• [PROBLEM DETAILS]:
Among the entries below, please repeat exactly and only the lines from the line containing "Advogados de Donald" to the line containing "The Elegance Bliss", both lines included.
--- AVAILABLE RECORDS Enclosed Below ---
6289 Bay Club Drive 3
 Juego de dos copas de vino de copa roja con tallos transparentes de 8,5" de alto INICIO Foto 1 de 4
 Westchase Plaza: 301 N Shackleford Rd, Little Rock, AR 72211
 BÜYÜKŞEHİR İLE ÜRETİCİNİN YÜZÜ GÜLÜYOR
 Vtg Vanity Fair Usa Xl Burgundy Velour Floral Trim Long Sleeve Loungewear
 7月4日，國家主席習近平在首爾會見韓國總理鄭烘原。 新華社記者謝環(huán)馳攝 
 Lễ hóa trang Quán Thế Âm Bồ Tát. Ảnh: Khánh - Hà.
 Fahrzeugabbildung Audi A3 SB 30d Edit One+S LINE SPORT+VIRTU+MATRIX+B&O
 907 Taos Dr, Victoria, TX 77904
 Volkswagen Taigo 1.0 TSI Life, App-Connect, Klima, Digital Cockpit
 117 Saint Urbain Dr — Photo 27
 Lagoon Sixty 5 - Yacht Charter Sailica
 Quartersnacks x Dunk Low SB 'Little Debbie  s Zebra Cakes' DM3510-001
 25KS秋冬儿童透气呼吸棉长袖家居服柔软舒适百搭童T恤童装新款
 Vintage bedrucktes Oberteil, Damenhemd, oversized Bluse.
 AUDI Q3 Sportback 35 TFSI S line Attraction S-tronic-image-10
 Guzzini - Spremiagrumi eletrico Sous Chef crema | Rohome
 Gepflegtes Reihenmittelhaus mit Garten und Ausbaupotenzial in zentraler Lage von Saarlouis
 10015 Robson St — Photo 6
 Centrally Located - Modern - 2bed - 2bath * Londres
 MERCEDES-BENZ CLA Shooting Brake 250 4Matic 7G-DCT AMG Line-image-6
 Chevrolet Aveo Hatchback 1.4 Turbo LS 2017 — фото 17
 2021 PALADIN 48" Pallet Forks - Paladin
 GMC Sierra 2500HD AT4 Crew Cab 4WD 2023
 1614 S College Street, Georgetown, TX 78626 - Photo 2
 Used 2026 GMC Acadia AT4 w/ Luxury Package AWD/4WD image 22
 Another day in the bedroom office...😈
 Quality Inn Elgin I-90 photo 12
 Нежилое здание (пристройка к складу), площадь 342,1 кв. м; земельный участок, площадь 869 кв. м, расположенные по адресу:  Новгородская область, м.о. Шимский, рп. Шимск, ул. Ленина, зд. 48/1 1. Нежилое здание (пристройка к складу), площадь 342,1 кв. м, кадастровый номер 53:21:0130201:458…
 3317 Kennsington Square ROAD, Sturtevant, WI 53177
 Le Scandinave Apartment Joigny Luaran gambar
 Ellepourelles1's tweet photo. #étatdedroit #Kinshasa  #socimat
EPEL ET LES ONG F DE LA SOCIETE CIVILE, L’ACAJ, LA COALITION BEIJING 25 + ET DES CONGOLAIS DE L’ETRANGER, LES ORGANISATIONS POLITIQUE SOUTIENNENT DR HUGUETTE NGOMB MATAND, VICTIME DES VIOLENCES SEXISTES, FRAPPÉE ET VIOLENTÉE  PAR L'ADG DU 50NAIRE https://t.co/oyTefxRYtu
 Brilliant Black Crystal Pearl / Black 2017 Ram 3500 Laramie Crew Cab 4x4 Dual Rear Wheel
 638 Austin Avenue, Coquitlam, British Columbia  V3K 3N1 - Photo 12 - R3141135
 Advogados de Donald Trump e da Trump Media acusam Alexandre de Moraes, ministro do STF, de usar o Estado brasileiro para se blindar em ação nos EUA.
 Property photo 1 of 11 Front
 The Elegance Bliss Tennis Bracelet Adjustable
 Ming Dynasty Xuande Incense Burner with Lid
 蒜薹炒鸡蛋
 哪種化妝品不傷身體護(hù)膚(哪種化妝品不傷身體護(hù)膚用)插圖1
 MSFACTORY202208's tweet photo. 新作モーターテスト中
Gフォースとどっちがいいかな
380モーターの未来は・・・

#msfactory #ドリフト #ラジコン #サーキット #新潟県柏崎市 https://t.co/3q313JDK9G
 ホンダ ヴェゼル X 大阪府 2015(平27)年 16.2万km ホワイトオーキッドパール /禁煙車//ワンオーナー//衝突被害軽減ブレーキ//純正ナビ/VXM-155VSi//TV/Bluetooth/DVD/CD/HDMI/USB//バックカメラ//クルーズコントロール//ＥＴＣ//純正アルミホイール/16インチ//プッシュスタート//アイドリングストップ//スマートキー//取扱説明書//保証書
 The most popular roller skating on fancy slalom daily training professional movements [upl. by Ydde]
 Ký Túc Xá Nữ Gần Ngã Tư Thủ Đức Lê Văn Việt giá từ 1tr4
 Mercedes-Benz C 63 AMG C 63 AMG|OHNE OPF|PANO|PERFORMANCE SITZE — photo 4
--- End of Enclosed AVAILABLE RECORDS ---
• [REPLY TO THE TASK]:
 Advogados de Donald Trump e da Trump Media acusam Alexandre de Moraes, ministro do STF, de usar o Estado brasileiro para se blindar em ação nos EUA.
 Property photo 1 of 11 Front
 The Elegance Bliss Tennis Bracelet Adjustable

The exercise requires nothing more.